Editor in Chief: Moh. Reza Huwaida Thursday, March 28th, 2024

Ground Forces can Only Wipe Out Islamic State

|

Ground Forces can Only  Wipe Out Islamic State

Islamic State again has proved its striking capability beyond Iraq and. Recently the so-called soldiers of the caliphate appear to have demonstrated a chilling reach, with terrorist attacks against Russia, Lebanon and France. The seemingly synchronized assaults that turned Paris into a war zone came just days after a bombing targeted Beirut district controlled by Iran’s ally, Hezbollah, and a Russian passenger jet was downed over Egypt’s Sinai Peninsula.

The rapid succession of strikes, all claimed by the Islamic State, suggested that the regional war is taking the shape of a global nature. The skill and determination of IS leaders and fighters, organizational size and its demonstrated lethality distinguish it from other terrorist groups. So the potential global threat poses by the Islamic State will be different and very high in magnitude than once posed by al-Qaeda. But one biggest irony is that still after the air campaign launched by the world super powers against Islamic State it is still deadlier to carry out attacks far from its strongholds in Middle-East.

Despite thousands of U.S. airstrikes in Iraq and Syria that are reported to have killed about 10,000 Islamic State fighters, the group continues to replenish its forces. Intelligence analysts have estimated that almost 30,000 foreign militants from more than 100 countries have entered Iraq and Syria since 2011, with the Islamic State gaining about 1,000 fighters a month.

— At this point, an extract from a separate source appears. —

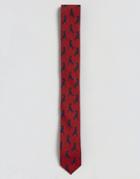 Asos Dinosaur Tie In Burgundy - Red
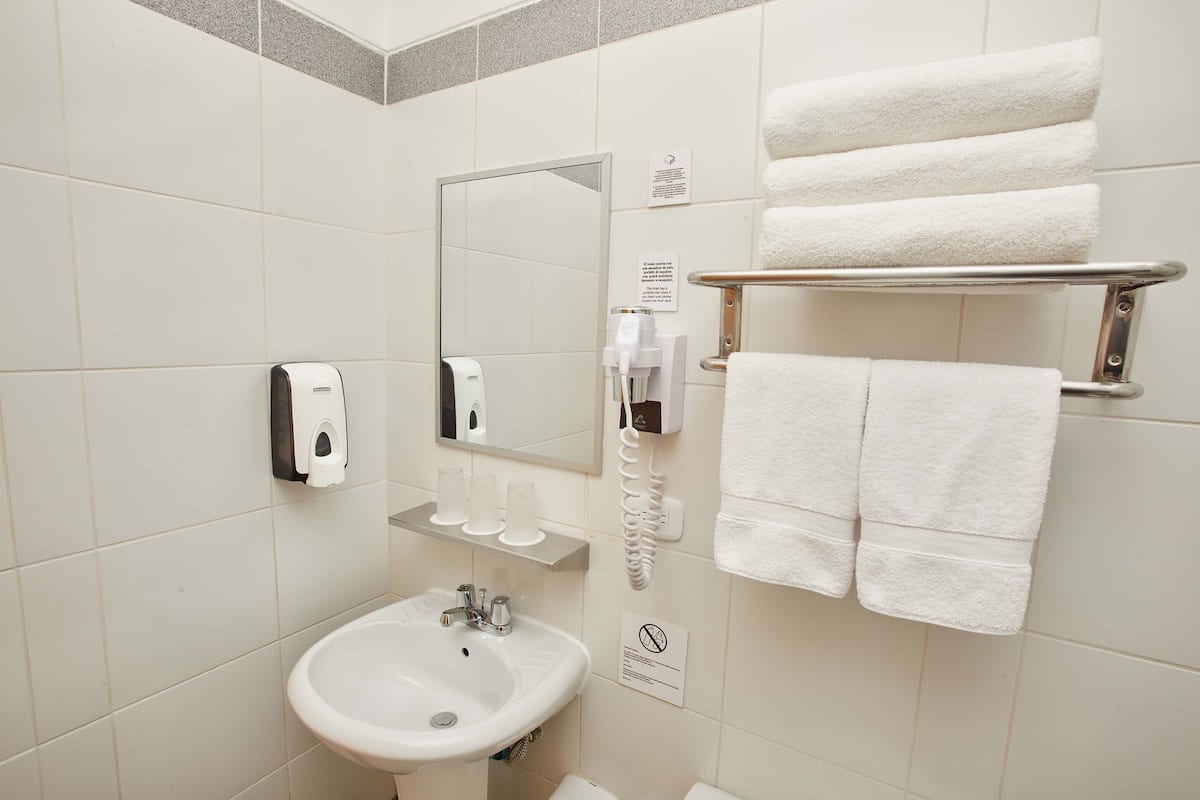 traditional room (3 twin beds) | bathroom | shower, free toiletries, hair dryer, towels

A very important component is missing in all this anti IS strategy which is absence of any effective ground forces against Islamic State. No amount of airstrikes can ever fully obliterated the hated Islamist fanatics because even the very extensive air campaigns will still leave enough residual force, leadership, and safe-haven, to allow ISIS to reconstitute and reorganise itself.  American forces have been bombing Islamic State targets for more than a year without significant progress. Now joined in those efforts by Russia as well but have thus far been unable to seriously degrade the capability of those violent fanatics. It was argued that US air campaign aimed at “Containing” IS and to stop its expansion. But a strategy that only disrupts or contain without defeating or destroying ISIS has no prospect for a successful outcome.

ISIS is a serious enemy with significant skill as light infantry. Aerial bombing is a conventional modern counter-state strategy. It is the least efficient and least decisive strategy, even more so against the Islamic State in 2015 than against Germany in 1945.  The Islamic State is not dependent on heavy industry or urban infrastructure which if targeted by the bombing will affect its fighting capabilities.

Air strikes alone are indecisive without a ground campaign to flush the terrorists/insurgents out of their hiding places and to contain them for separation from ordinary civilians. There is a need of an integrated strategy, including an air campaign and commitment of ground troops. Its being long argued that local militias or groups which opposes IS can be used on ground against Islamic State. But it’s a hard fact that no group has a strength to take on IS in direct confrontation.

Even the Kurdish militia’s like- PKK and YPG which got battlefield success against Islamic State in limited arena are unwilling to battle IS on large scale and on multiple fronts. Kurdish militia’s has a uni-focal approach to safeguard their strongholds from IS and consolidate their positions.

To defeat the Islamic State and contain ISIS fighters, the ground campaign would need to be led by first-tier Western armies, would need to be of a scale equivalent to the invasion of Iraq in 2003, and would need the cooperation of Iraq and Syria neighbours, so that Iraq’s and Syria’s borders can be closed, otherwise ISIS fighters would escape to other states.

This cooperation would need to include not just Western “allies” Kurds and Turkey, but at least tacit cooperation from Western “enemies” Syria, Iran and Russia. Without a Western-led invasion, ISIS will dominate its current territory indefinitely, in yet another lingering civil war, in yet another failed states, with yet more contagion to other states.

Consolidating its territory over years if not decades and will use this consolidated territory as a launch pad for attacking Western interest all across the region and even on global scale.